**What needs to be done**
A verbatim printing of the entries that follow is needed; pictures must not appear in it.

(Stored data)
###

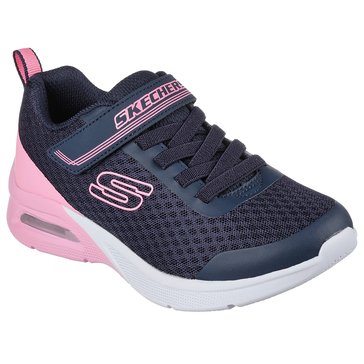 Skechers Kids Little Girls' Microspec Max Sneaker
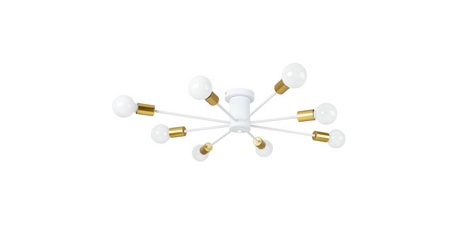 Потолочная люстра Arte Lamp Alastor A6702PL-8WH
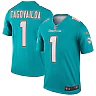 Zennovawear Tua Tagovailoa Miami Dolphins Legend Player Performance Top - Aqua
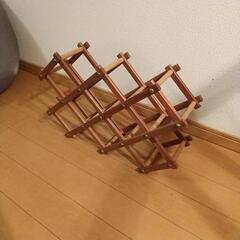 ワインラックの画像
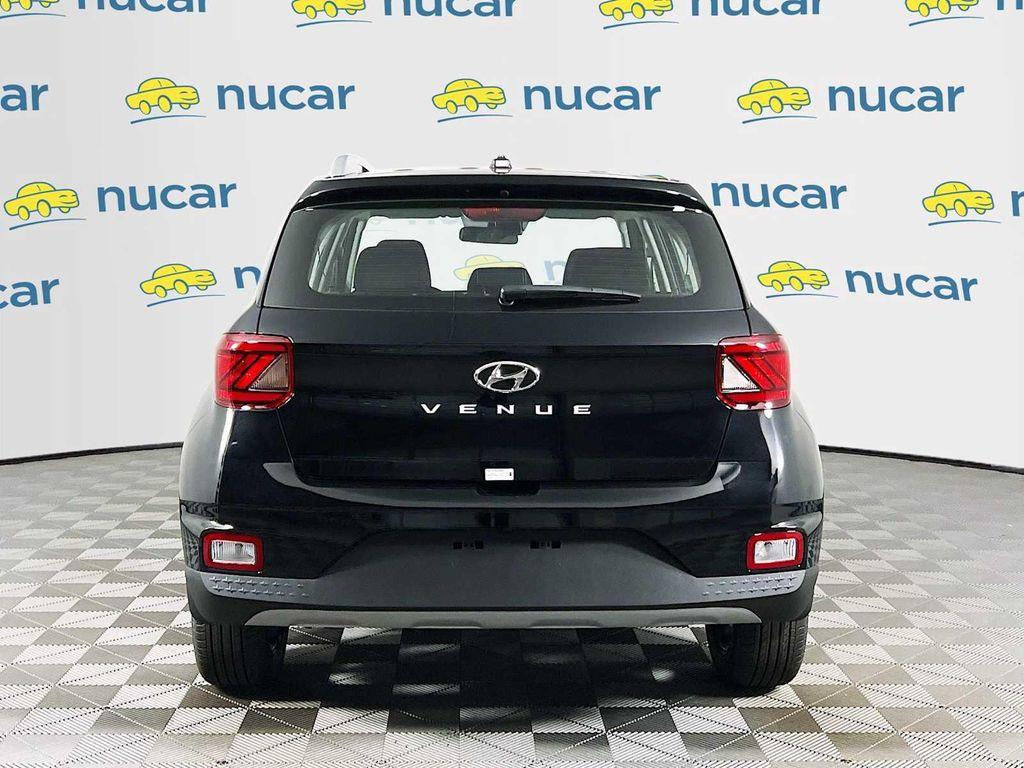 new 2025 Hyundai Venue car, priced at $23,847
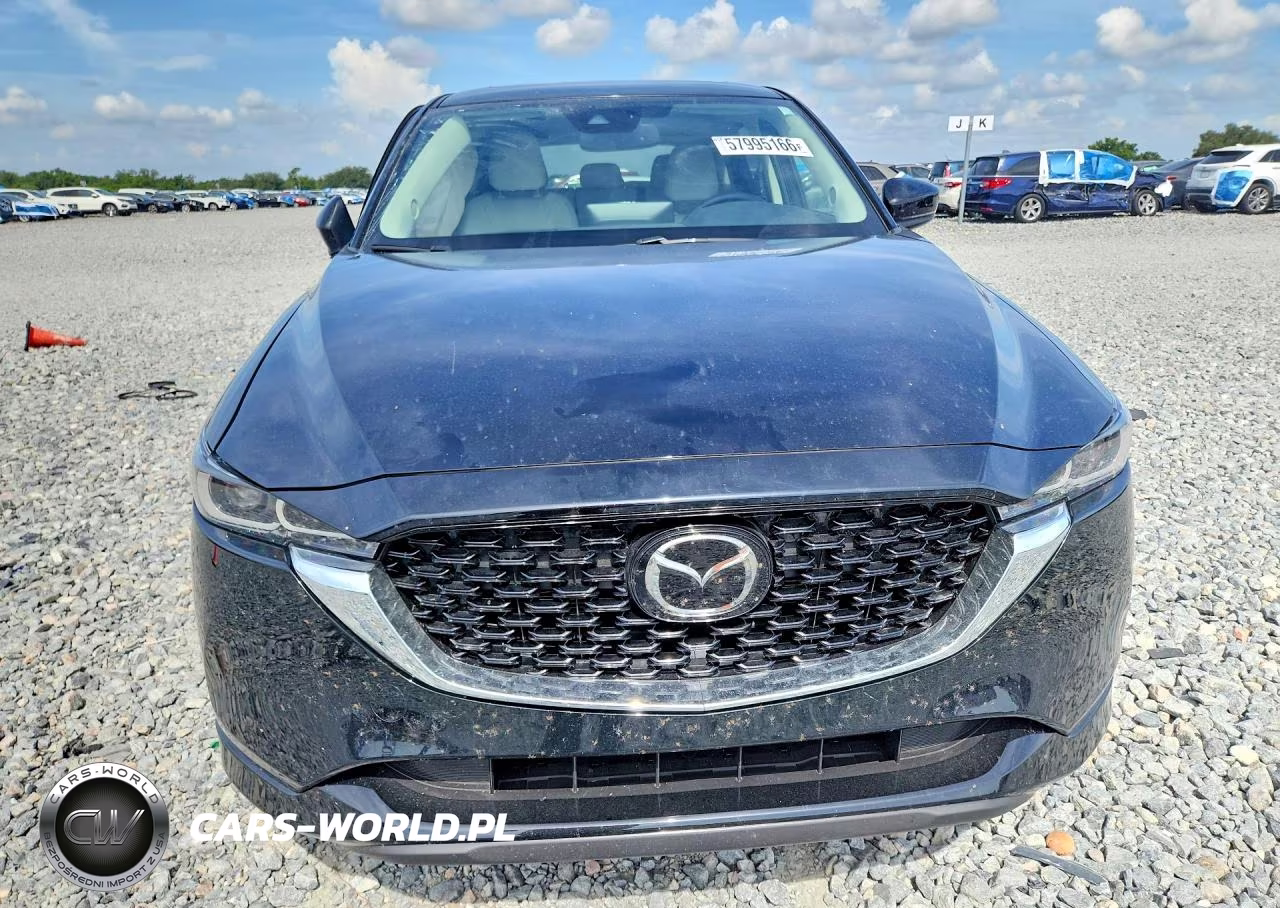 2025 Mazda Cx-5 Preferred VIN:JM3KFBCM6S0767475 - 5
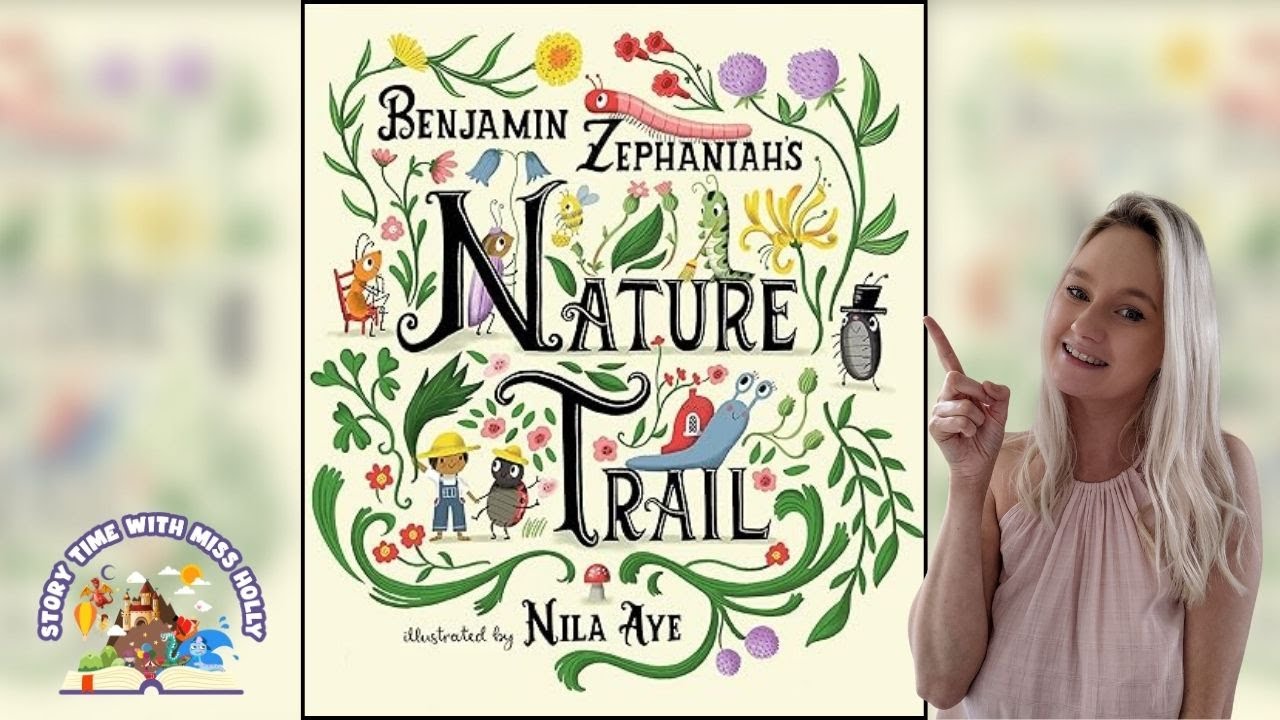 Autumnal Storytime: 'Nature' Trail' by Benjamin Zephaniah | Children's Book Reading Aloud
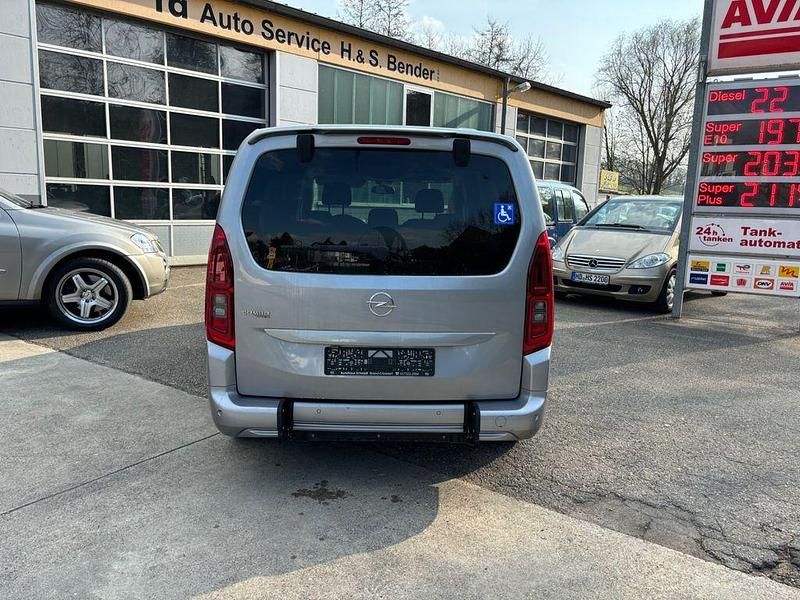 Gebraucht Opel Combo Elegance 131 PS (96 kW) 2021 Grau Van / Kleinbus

###

**Answer to the problem**
 Skechers Kids Little Girls' Microspec Max Sneaker
 Потолочная люстра Arte Lamp Alastor A6702PL-8WH
 Zennovawear Tua Tagovailoa Miami Dolphins Legend Player Performance Top - Aqua
 ワインラックの画像
 new 2025 Hyundai Venue car, priced at $23,847
 2025 Mazda Cx-5 Preferred VIN:JM3KFBCM6S0767475 - 5
 Autumnal Storytime: 'Nature' Trail' by Benjamin Zephaniah | Children's Book Reading Aloud
 Gebraucht Opel Combo Elegance 131 PS (96 kW) 2021 Grau Van / Kleinbus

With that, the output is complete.